On Wed, 28 Aug 2019, Pavel Machek wrote:
On Wed 2019-08-28 14:46:21, Borislav Petkov wrote:
On Wed, Aug 28, 2019 at 02:29:13PM +0200, Pavel Machek wrote:
This is not a way to have an inteligent conversation.
No, this *is* the way to keep the conversation sane, without veering off into some absurd claims.
So, to cut to the chase: you can simply add "rdrand=force" to your cmdline parameters and get back to using RDRAND.
And yet if you still feel this fix does not meet your expectations, you were told already to either produce patches or who to contact. I'm afraid complaining on this thread won't get you anywhere but that's your call.

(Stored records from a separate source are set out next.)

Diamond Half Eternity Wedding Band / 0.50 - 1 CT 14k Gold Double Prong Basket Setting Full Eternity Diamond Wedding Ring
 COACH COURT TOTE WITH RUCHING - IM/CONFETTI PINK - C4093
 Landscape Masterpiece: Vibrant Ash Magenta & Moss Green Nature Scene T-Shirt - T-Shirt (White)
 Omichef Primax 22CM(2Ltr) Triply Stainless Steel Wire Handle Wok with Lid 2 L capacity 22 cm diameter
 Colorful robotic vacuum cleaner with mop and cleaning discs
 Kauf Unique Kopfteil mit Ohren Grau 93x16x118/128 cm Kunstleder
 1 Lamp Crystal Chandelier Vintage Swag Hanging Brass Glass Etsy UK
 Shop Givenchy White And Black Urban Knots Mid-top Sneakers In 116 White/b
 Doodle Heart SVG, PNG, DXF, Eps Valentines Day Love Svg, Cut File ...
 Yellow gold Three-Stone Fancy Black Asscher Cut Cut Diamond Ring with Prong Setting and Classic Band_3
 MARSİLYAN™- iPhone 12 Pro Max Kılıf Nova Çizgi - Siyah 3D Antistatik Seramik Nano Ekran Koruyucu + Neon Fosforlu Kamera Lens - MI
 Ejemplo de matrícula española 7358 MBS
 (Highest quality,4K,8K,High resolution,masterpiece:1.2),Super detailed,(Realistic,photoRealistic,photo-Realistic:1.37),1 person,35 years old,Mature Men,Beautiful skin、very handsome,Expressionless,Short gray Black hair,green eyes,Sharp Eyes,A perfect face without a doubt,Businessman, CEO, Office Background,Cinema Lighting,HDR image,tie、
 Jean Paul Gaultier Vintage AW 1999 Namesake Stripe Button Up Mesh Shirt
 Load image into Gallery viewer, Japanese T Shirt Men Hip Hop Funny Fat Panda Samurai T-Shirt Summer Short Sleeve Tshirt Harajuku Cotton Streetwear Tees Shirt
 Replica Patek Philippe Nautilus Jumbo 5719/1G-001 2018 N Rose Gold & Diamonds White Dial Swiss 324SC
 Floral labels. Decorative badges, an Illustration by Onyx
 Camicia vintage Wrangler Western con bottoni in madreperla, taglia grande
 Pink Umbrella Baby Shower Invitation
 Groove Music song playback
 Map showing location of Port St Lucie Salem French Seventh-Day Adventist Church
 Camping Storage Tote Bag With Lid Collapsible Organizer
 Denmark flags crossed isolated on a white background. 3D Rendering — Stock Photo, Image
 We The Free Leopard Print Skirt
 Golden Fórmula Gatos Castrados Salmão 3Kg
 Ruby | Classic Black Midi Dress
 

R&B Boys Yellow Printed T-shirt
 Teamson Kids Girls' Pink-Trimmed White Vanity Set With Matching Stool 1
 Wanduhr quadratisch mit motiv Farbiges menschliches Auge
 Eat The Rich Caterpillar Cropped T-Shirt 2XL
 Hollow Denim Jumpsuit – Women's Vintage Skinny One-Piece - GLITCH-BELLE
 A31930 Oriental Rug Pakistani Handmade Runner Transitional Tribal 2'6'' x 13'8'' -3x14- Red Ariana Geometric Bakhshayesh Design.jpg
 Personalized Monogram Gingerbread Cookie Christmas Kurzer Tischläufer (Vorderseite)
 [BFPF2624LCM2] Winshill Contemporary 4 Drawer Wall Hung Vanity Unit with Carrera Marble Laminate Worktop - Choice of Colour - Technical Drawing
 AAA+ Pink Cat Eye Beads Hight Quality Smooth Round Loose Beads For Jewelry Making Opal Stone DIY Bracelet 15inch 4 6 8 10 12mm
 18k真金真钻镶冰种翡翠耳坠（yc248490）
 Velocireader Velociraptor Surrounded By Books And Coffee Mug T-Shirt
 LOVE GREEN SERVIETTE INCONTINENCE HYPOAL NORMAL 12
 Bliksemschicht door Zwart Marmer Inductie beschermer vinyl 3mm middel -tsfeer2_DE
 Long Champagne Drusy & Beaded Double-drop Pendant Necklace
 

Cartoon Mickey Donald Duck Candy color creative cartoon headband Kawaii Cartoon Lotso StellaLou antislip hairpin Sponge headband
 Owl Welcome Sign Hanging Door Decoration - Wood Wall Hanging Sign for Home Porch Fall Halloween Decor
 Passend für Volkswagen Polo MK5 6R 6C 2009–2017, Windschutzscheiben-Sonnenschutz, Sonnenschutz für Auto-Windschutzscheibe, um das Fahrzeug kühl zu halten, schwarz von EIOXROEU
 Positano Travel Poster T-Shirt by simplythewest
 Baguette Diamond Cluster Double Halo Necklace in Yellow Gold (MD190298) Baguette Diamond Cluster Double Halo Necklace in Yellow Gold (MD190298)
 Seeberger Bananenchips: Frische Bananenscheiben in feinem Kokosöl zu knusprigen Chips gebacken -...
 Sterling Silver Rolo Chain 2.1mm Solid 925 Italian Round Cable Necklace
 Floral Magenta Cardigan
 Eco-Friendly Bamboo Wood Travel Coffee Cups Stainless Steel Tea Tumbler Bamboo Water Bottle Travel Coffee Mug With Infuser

No, this does not meet my expectations, it violates stable kernel rules, and will cause regression to some users, while better solution is known to be available.
Your unqualified ranting does not meet my expectation either and it violates any rule of common sense.
For the record:
Neither AMD nor we have any idea which particular machines have a fixed BIOS and which have not. There is no technical indicator either at boot time as the wreckage manifests itself only after resume.
So in the interest of users the only sensible decision is to disable RDRAND for this class of CPUs.
If you have a list of machines which have a fixed BIOS, then provide it in form of patches. If not then stop claiming that there is a better solution available.
Anyway, I'm done with that and further rants of yours go directly to /dev/null.